--- START ---

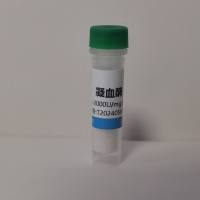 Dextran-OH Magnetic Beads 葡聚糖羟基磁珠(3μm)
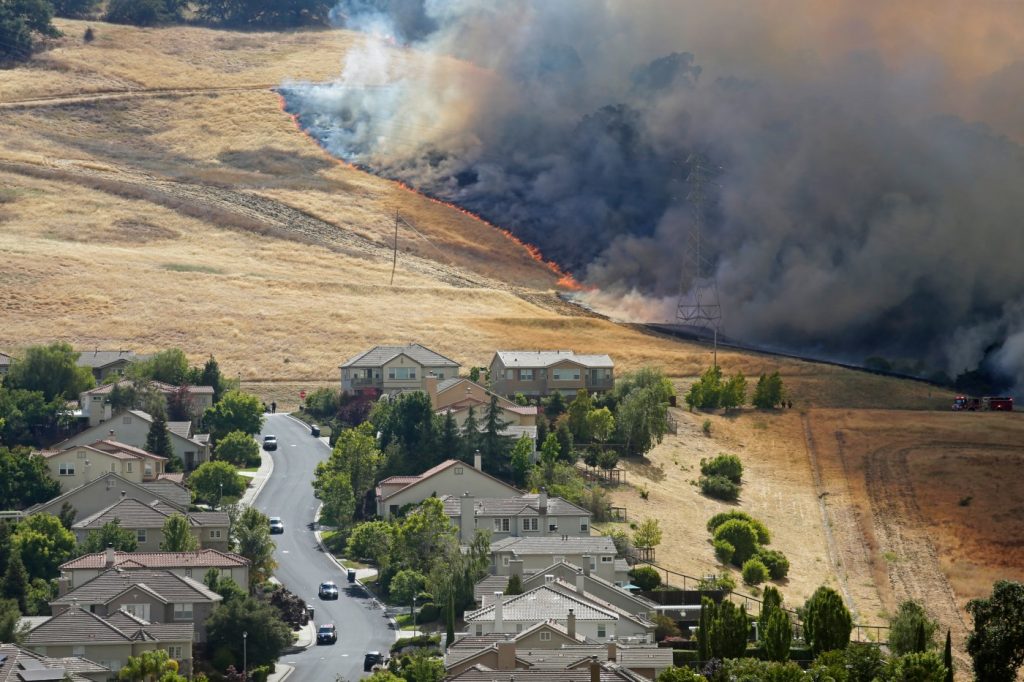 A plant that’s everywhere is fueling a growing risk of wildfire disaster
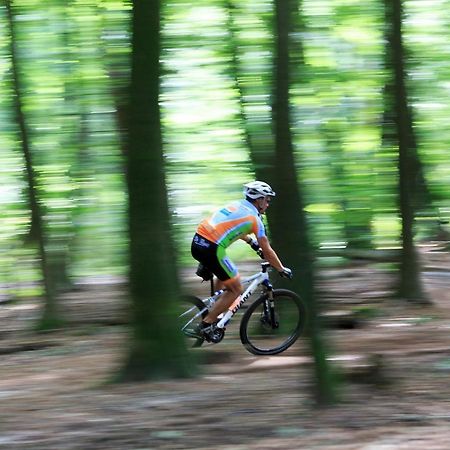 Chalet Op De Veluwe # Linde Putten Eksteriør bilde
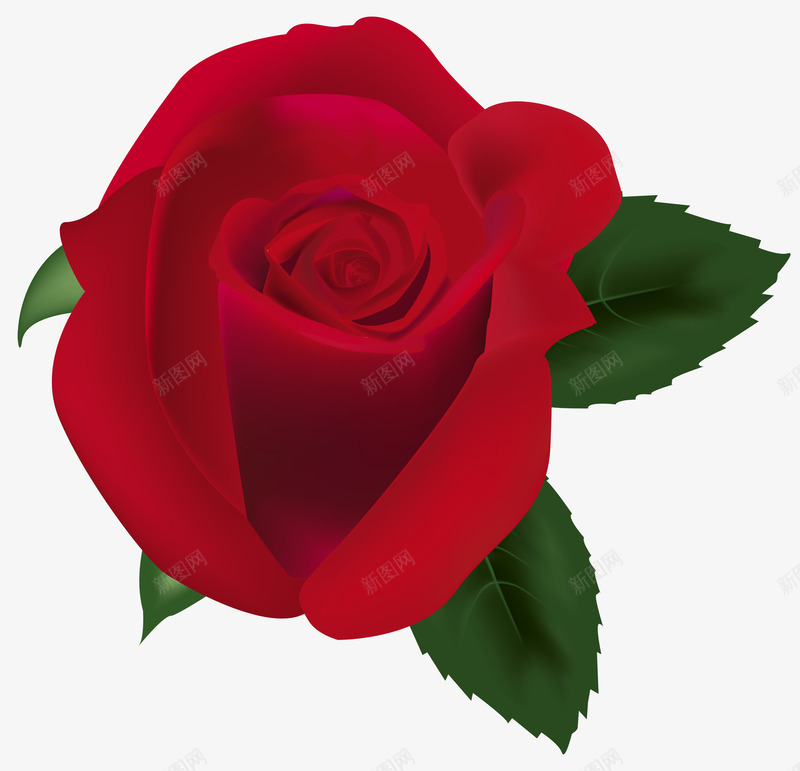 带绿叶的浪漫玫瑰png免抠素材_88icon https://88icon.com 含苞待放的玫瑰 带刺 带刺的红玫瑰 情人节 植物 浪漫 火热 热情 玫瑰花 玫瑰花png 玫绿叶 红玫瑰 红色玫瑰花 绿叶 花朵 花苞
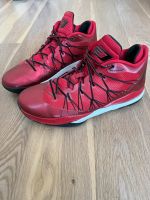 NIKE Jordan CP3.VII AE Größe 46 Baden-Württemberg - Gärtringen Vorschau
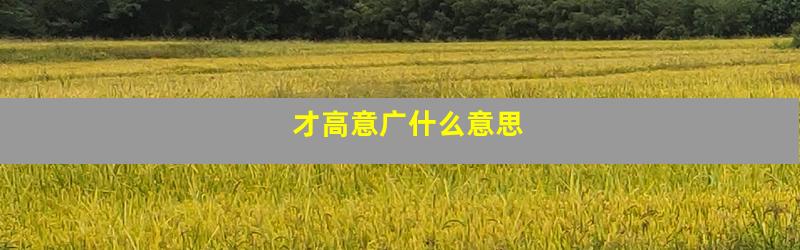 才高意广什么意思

--- END ---

■ WORK INSTRUCTIONS
When you repeat the records, reproduce each line exactly and drop the images.

■ REPLY
 Dextran-OH Magnetic Beads 葡聚糖羟基磁珠(3μm)
 A plant that’s everywhere is fueling a growing risk of wildfire disaster
 Chalet Op De Veluwe # Linde Putten Eksteriør bilde
 带绿叶的浪漫玫瑰png免抠素材_88icon https://88icon.com 含苞待放的玫瑰 带刺 带刺的红玫瑰 情人节 植物 浪漫 火热 热情 玫瑰花 玫瑰花png 玫绿叶 红玫瑰 红色玫瑰花 绿叶 花朵 花苞
 NIKE Jordan CP3.VII AE Größe 46 Baden-Württemberg - Gärtringen Vorschau
 才高意广什么意思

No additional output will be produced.